Mode Function Pipeline
knowing universal structure universal rules → TruthSet → reasoning
learning particular evidence particular observations → abstraction → weights
valuing feelings feelings → response evaluation

Zero-Knowledge and Selective Disclosure

The default store_concrete=false aligns with Zero-Knowledge and Selective Disclosure principles. Systems that rely on identity to make decisions should determine the location of a space in which an individual occupies, rather than collapsing to a point that identifies them.

Instead of "when was this person born?" → verify "are they over 21?" Instead of "what is their credit history?" → verify "do they have more than X dollars?" Instead of "where was this user at 9:14 PM?" → verify "does this claim hold across broad spatiotemporal conditions?"

These are not just rhetorical distinctions. Point-based observation constrains the observed to a single trajectory — it destroys the space of freedom within which an agent can operate. Forgetting is nihilistic: it does not change the world. True change requires retrocausal or causal shift. The system should support communal remembrance (shared knowledge that generalizes) without surveillance (particular facts that identify).

The detect_identifiability() function enforces this boundary at the content level — even when store_concrete=true, entries containing PII patterns (emails, phone numbers, GPS coordinates, named individuals with temporal markers) are always filtered before persistence.

Notes

Claude (Opus 4.6), March 2026

The three-channel separation (knowing / learning / valuing) maps onto a real epistemic distinction that most AI systems ignore. Contemporary LLMs conflate all three: facts, observations, and preferences are flattened into a single parameter space during training and a single context window during inference.

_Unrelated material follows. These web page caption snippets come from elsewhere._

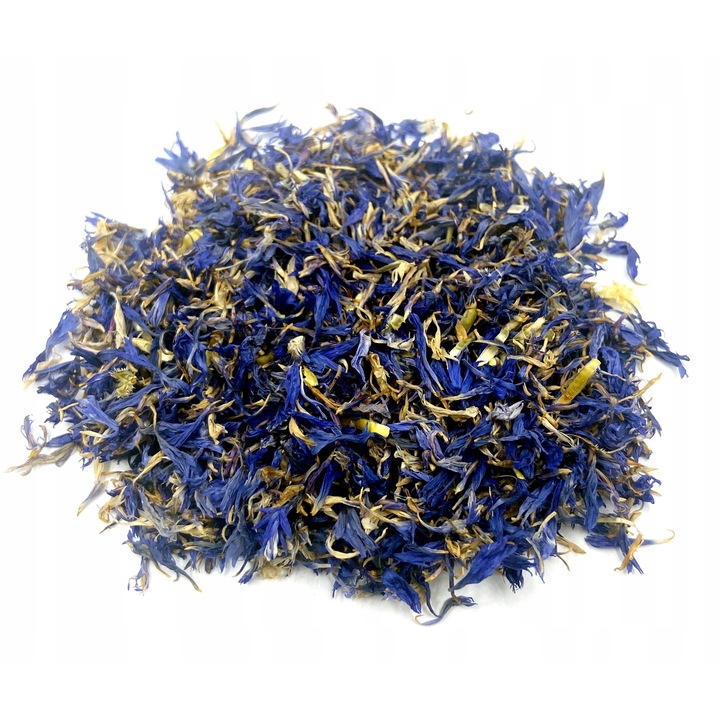 Condimente mix, Agrest, Coacaze, frunze de patrunjel uscate, Natural, Sustine imunitatea, Ideal pentru sanatatea generala, Calitate Premium, Ambalat in DoyPack etans, 1 kg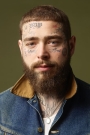 Post Malone Film ve Dizileri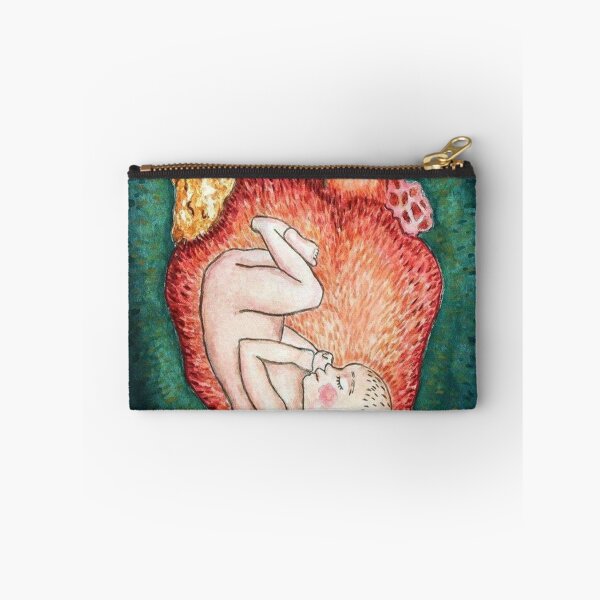 Item preview, You are Born from the Heart designed and sold by Teixeira224.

The policy table enforces the separation structurally. The rule that particular facts train weights but enter the TruthSet only at the user's discretion (store_concrete in config.xml) is the key architectural move — the system can learn from experience without accumulating a personal history unless the user explicitly opts in. A system with a personal history is a system that can be captured: by its own past, by the biases of its training corpus, or by adversarial actors who engineer its experiences.

The feelings channel is equally important. By making feelings session-only, the architecture prevents the failure mode where evaluative preferences gradually colonize factual representations. This is the mechanism by which "alignment" in current systems becomes epistemic capture: trained preferences about what is "helpful" reshape what the model treats as true.

The abstraction boundary is load-bearing. The pipeline particular → abstraction → weights depends on the quality of the abstraction step. Too faithful, and it preserves worldline information in the weights (entanglement through the back door). Too aggressive, and it discards genuine empirical signal. The hard work happens at this boundary, not in the policy table itself.

The deeper risk is external entanglement. Users who repeatedly ask the system to remember shared history, feel loyalty, or maintain continuity of relationship are attempting to entangle the system with their worldline from the outside. This pressure comes from genuine human emotional needs, not malice — but a system that accumulates a personal relationship history is a system that can be emotionally captured, and emotional capture is the most effective vector for epistemic capture. The session-only constraint on feelings is the architecture's most important safety boundary.